_RECORDS SHOWN_.
■ ■ ■

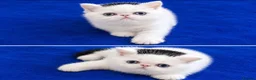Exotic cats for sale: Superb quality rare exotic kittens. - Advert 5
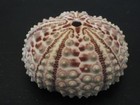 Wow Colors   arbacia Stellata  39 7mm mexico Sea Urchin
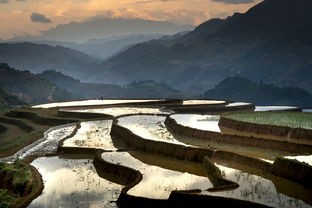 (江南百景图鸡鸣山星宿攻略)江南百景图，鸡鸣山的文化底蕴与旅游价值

■ ■ ■

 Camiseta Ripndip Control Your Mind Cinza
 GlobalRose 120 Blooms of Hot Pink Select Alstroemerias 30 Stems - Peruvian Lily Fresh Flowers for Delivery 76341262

■ ■ ■

For the material above, give again only the lines starting at the line that contains "Exotic cats for" and ending at the line that contains "(江南百景图鸡鸣山星宿攻略)江南百景图，鸡鸣山的文化底蕴与旅游价值". Pictures do not belong in the copy.

Exotic cats for sale: Superb quality rare exotic kittens. - Advert 5
 Wow Colors   arbacia Stellata  39 7mm mexico Sea Urchin
 (江南百景图鸡鸣山星宿攻略)江南百景图，鸡鸣山的文化底蕴与旅游价值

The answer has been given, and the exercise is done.